EXERCISE BRIEF:
Where a line of the data below has the string "женщин", copy that line.

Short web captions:
====================

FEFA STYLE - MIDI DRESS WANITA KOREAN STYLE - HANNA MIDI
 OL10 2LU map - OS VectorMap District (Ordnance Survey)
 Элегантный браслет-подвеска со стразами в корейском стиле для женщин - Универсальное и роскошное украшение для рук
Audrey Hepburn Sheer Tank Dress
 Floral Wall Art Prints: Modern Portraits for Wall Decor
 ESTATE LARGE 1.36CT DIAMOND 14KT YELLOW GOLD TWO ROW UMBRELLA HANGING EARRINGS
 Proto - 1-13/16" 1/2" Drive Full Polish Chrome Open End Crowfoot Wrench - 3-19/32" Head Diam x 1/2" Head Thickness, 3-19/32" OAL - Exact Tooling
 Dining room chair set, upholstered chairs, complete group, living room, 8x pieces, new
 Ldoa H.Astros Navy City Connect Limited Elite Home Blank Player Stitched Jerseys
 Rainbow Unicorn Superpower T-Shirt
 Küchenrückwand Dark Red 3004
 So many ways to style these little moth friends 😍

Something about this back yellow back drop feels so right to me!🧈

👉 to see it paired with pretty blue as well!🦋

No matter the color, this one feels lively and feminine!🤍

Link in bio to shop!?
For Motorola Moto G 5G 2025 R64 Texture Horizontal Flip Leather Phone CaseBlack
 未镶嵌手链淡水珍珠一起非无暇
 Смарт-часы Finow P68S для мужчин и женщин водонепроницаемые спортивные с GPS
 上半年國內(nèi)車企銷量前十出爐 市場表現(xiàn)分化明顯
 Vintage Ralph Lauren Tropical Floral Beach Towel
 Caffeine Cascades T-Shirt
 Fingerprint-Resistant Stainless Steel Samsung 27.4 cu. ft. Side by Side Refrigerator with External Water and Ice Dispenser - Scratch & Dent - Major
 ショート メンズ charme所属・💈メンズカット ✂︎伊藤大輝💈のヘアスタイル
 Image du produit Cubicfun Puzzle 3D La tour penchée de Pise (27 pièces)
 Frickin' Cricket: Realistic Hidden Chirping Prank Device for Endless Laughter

====================

RESULT OF THIS TASK:
 Элегантный браслет-подвеска со стразами в корейском стиле для женщин - Универсальное и роскошное украшение для рук
 Смарт-часы Finow P68S для мужчин и женщин водонепроницаемые спортивные с GPS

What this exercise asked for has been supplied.